Consider the ring $\mathbb Z_n$ where $n=p^a q^b$. Let $[x]\in \langle [p]\rangle \setminus \langle [pq]\rangle$ and $[y]\in \langle [q]\rangle \setminus \langle [pq]\rangle$ where $\langle [p]\rangle $ denotes the ideal generated by $[p]\in \mathbb Z_n$. Here $p<q$ are primes.
Is it true that $\langle [x]\rangle +\langle [y]\rangle =\mathbb Z_n?$
My try::
$[x]\in \langle [p]\rangle \setminus \langle [pq]\rangle\implies [x]=s[p]$ and $[y]\in \langle [q]\rangle \setminus \langle [pq]\rangle\implies [y]=t[q]$.

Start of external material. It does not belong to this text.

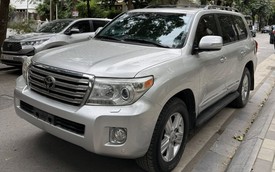 Không hổ danh ‘thánh giữ giá’, chiếc Toyota Land Cruiser 11 năm tuổi này bán lại đắt ngang E-Class ‘đập hộp’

Also $[x]\notin \langle [pq]\rangle\implies \gcd(s,q)=1$. Also $\gcd(t,p)=1$.
Is it true that $\langle [x]\rangle +\langle [y]\rangle =\mathbb Z_n?$
Can someone please help?
Hint $ $ By Euclid and $\, (p,q) = (t,p) = (s,q) = 1\ $ we have in $\Bbb Z$ $$\begin{align} (sp+tq,\,p)\ \ &=\, (tq,p)\, = (t,p)=1\\[.2em] (sp+tq,\,q)\ \ &=\, (sp,q) = (s,q)=1\\[.2em] \Rightarrow\ (sp+tq,\,p^aq^b)&=\,1\end{align}\qquad$$